Tubeticking (270): Eastcote ✅
I had somehow never been to Eastcote station. I liked it.
Eastcote opened in 1906 as a halt on the line to Uxbridge, triggering quintessential Metroland sprawl. The resulting parade now has well over 100 shops, and nice ones too, including more family businesses than Londoners would normally expect. Outlets range from Aldi to a fireplace showroom and from Imran's Deli to a chocolate and macaroon cafe, via the delights of Wenzels and Wimpy. I liked it.
The station was designed by Charles Holden, and characteristically so, with a brick'n'glass cuboid facing the street flanked by roundels atop two protruding curved kiosks. This pair weren't always occupied by a cab company and a phone repair shop, but the Eastcote Cafe alongside looks like it's been cooking up breakfasts and burgers for decades. I liked it (the architecture, that is, I never tried the caff).
Eastcote's ticket hall has a high flat roof and is lit by clerestory windows giving it churchlike qualities. One side has the ticket machines and the other a coffee kiosk brewing hand roasted beans from El Salvador. This hideyhole also doubles as a tiny newsagent, with a single rack that somehow manages to include all the daily papers and copies of two dozen still-popular magazines. They're still ten years behind zone 2 in Eastcote. I liked it.
A brief tiled corridor leads to two sets of brick-enclosed stairwells, all with Holdenesque attention to detail. Left for London and right for Ruislip. And the platforms are lovely too, blessed with two tropical mini gardens halfway down. The half nearest the stairs has a flat canopy to shield you from the elements and a long thin waiting room with an elegantly curved end. I fear this is permanently padlocked these days. I liked it anyway.
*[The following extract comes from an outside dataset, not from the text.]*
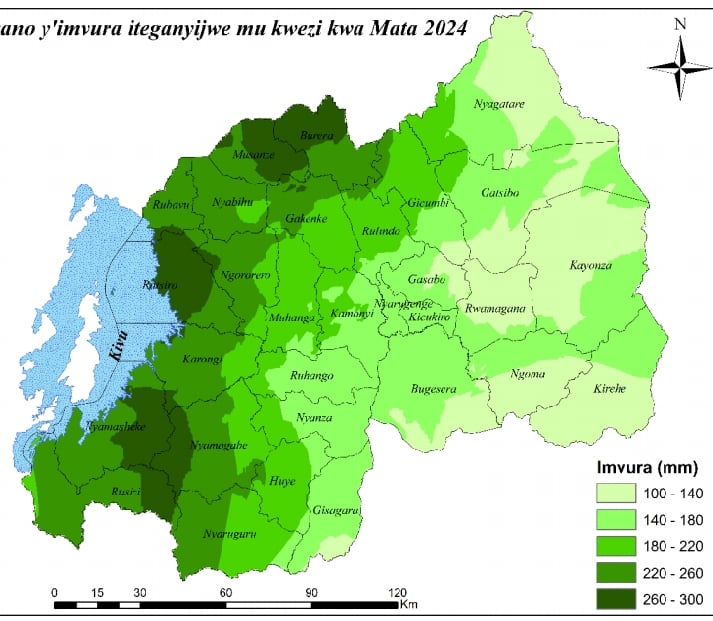 Ikarita igaragaza imvura izagwa muri Mata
The far end of the platforms has been polluted with cameras and loudspeakers on stalks as part of infraco despoliation in the 2000s. They did at lease use droopy stalks to echo the original concrete lamp supports but the end result is no visual triumph. Look out for the staff letterbox and the fake owl if you're waiting any length of time. I see the eastbound Next Train Indicator doesn't bother with destinations, it just tells you 'Metropolitan line' or 'Piccadilly line' because that's all you need to know out here.